MATERIAL PROVIDED:
------

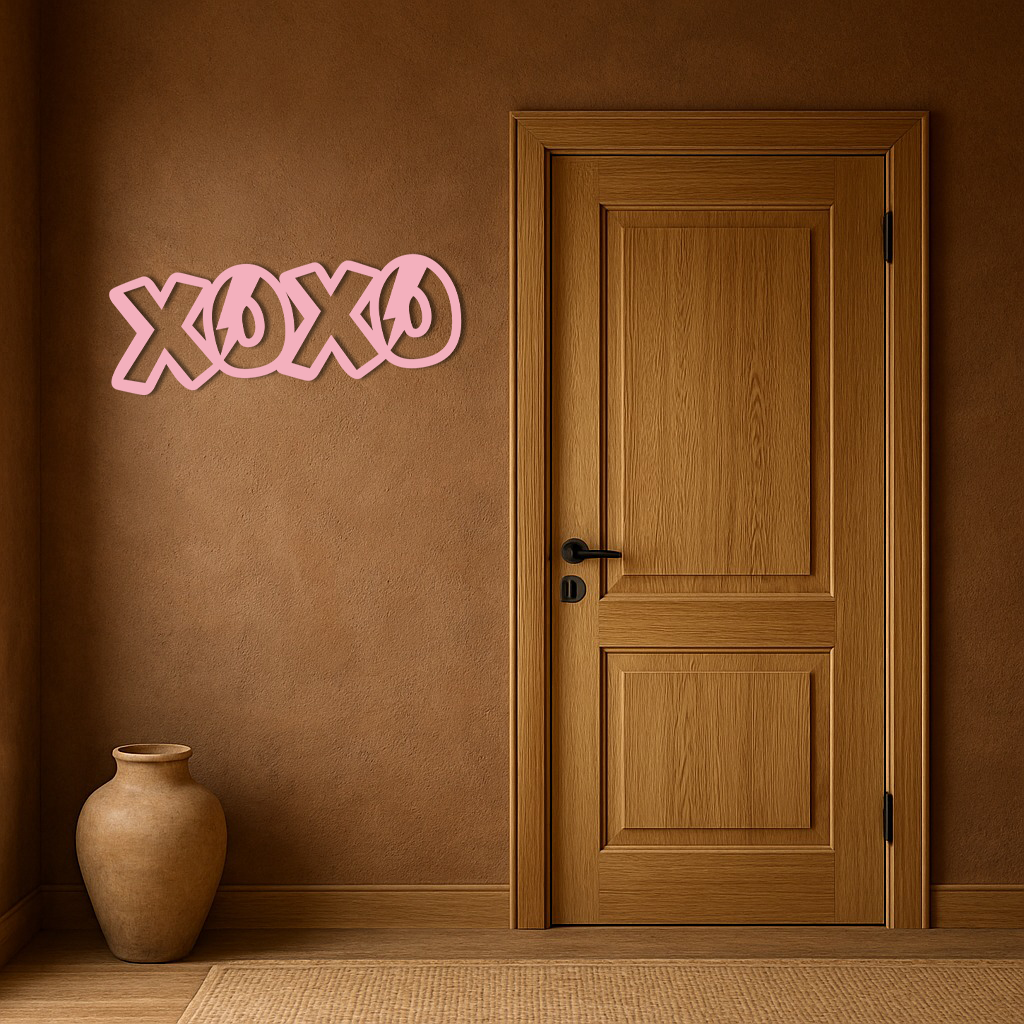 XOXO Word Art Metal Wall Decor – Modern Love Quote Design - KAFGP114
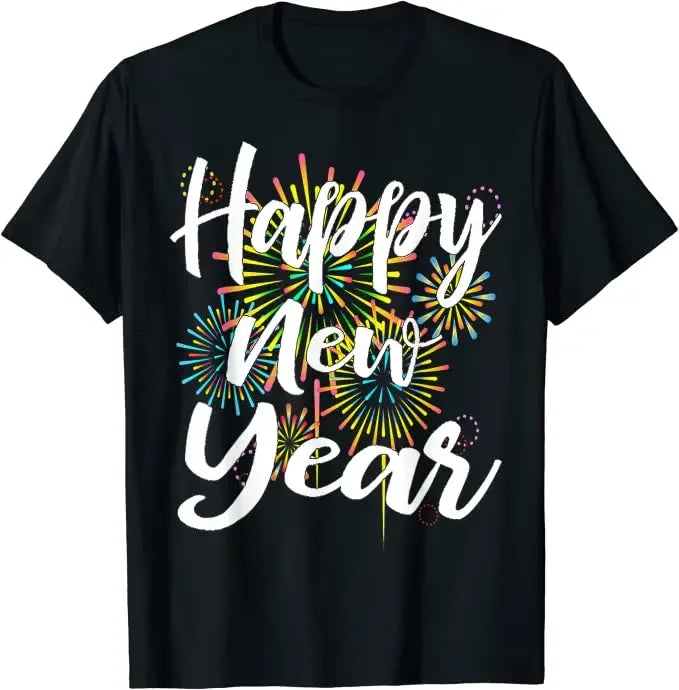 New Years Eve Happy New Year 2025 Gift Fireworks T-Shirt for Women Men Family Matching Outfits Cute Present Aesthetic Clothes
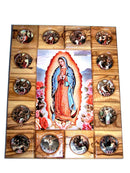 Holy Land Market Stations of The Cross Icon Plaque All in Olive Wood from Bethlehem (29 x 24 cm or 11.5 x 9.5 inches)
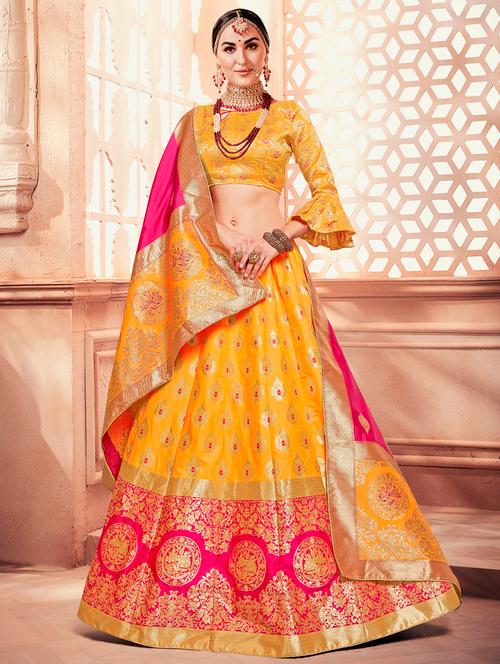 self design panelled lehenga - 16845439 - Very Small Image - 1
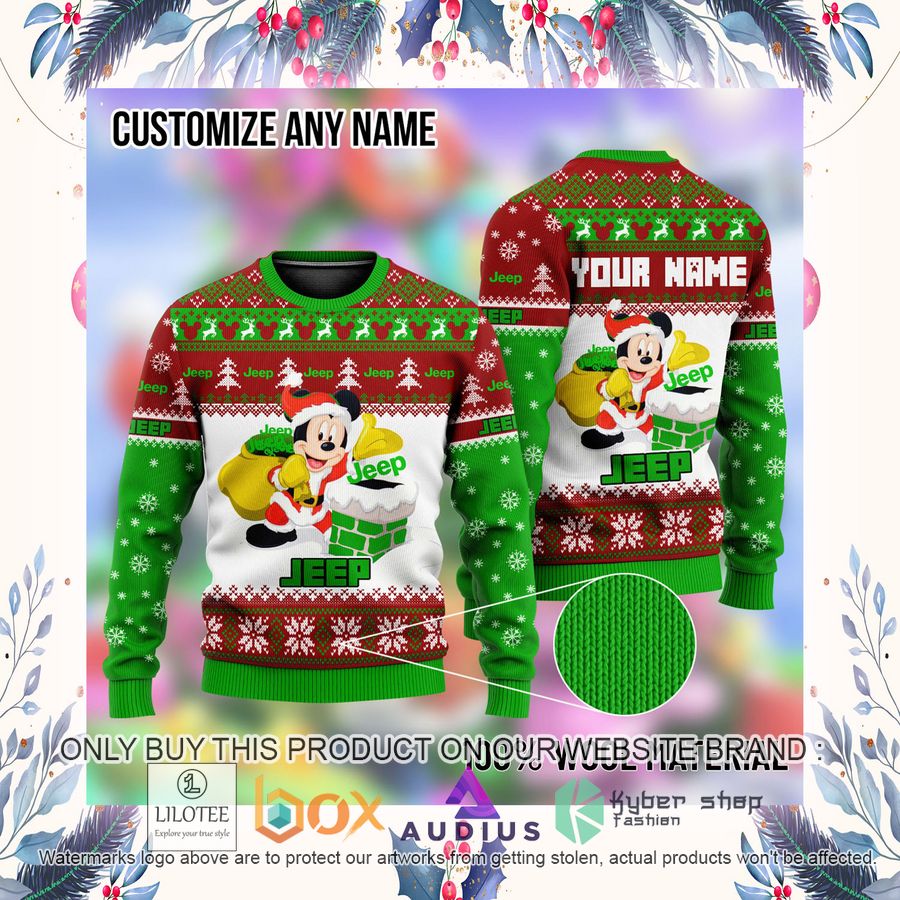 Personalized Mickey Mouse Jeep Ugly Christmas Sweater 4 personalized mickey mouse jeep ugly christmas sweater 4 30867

------

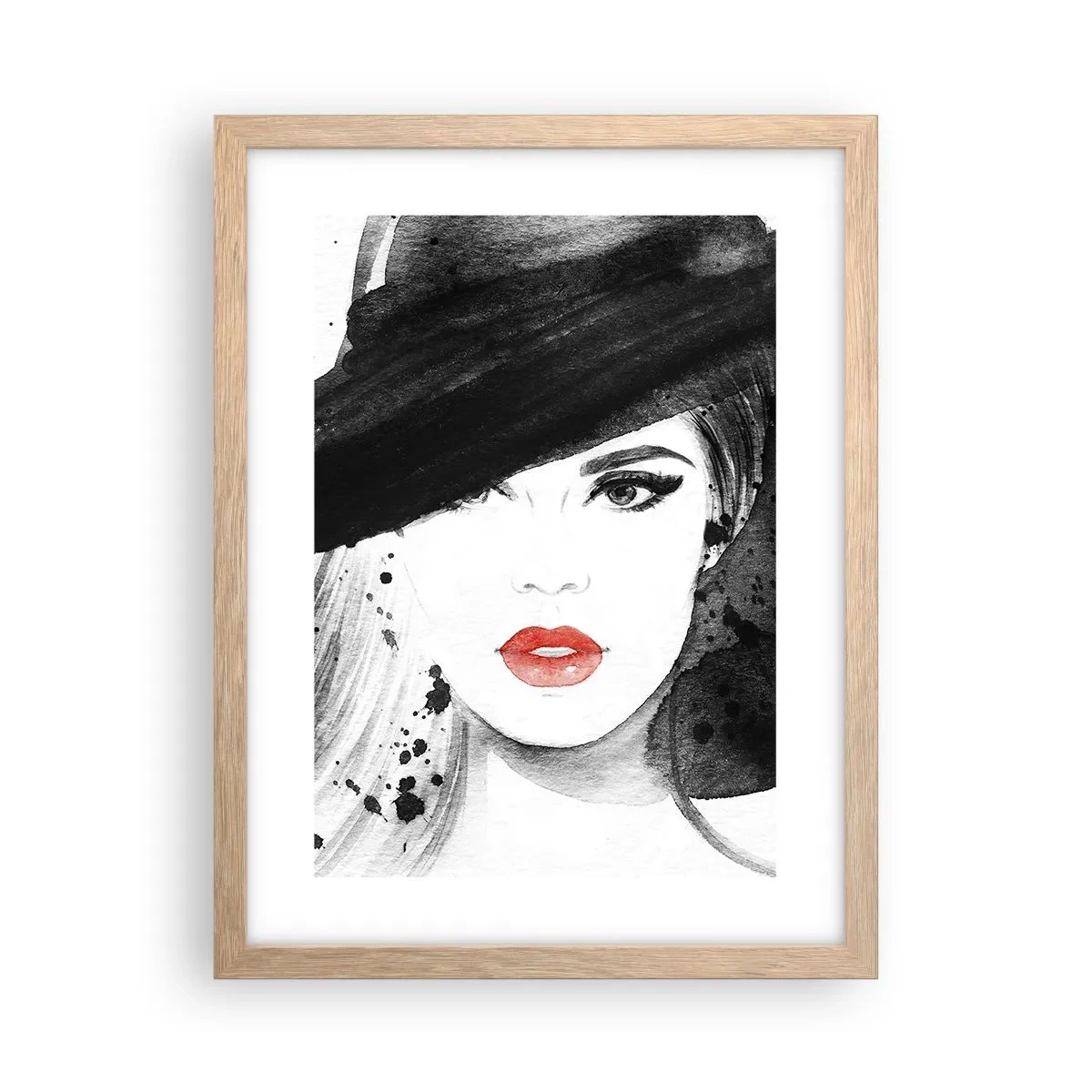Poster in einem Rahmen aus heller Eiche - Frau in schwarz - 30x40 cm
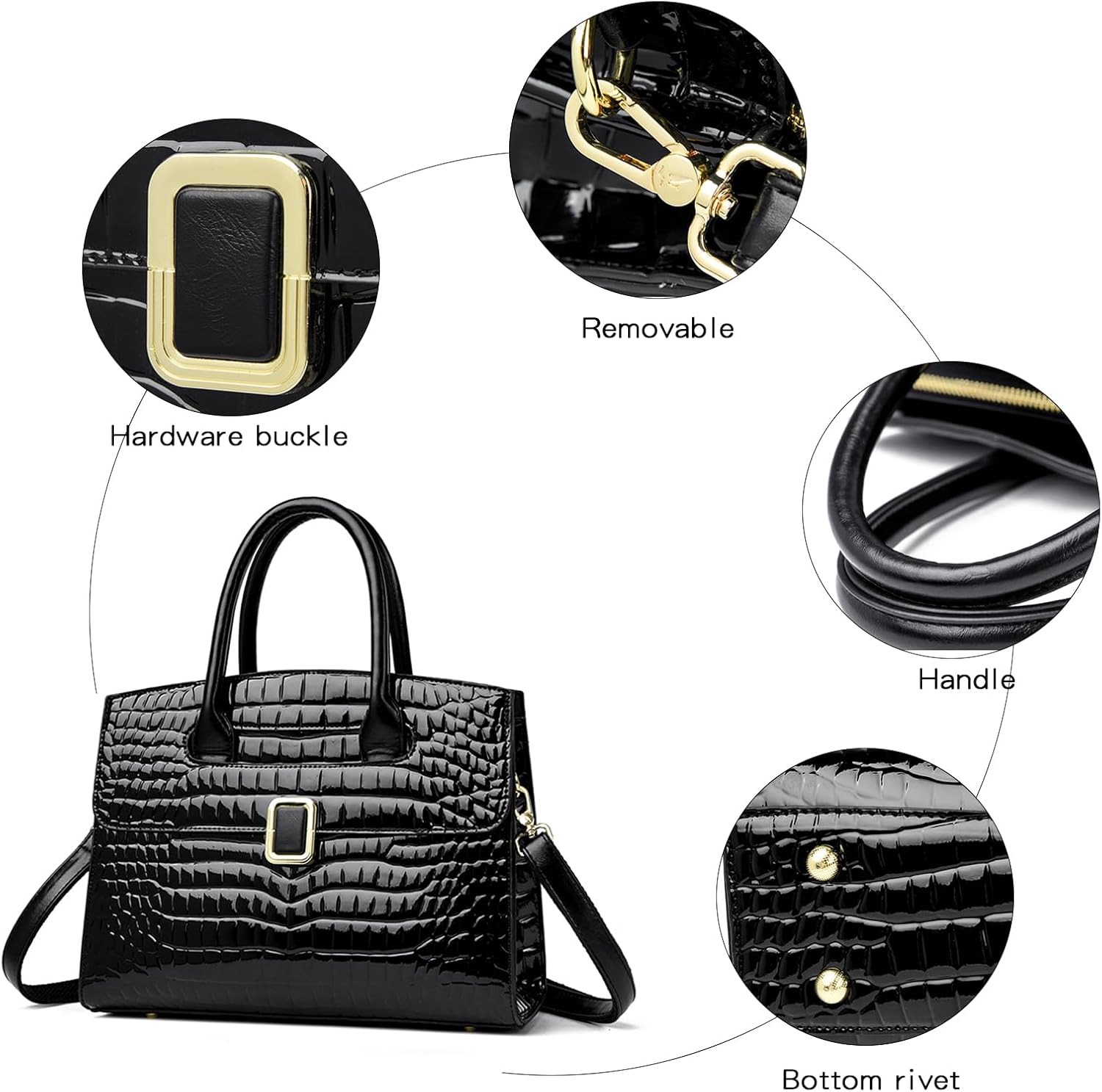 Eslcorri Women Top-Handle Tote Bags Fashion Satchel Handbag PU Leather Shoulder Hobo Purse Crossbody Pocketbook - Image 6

------

TASK:
Print exactly the lines above that run from the one with "XOXO Word Art" to the one with "New Years Eve", both included. No pictures.

ANSWER TO THE PROBLEM:
 XOXO Word Art Metal Wall Decor – Modern Love Quote Design - KAFGP114
 New Years Eve Happy New Year 2025 Gift Fireworks T-Shirt for Women Men Family Matching Outfits Cute Present Aesthetic Clothes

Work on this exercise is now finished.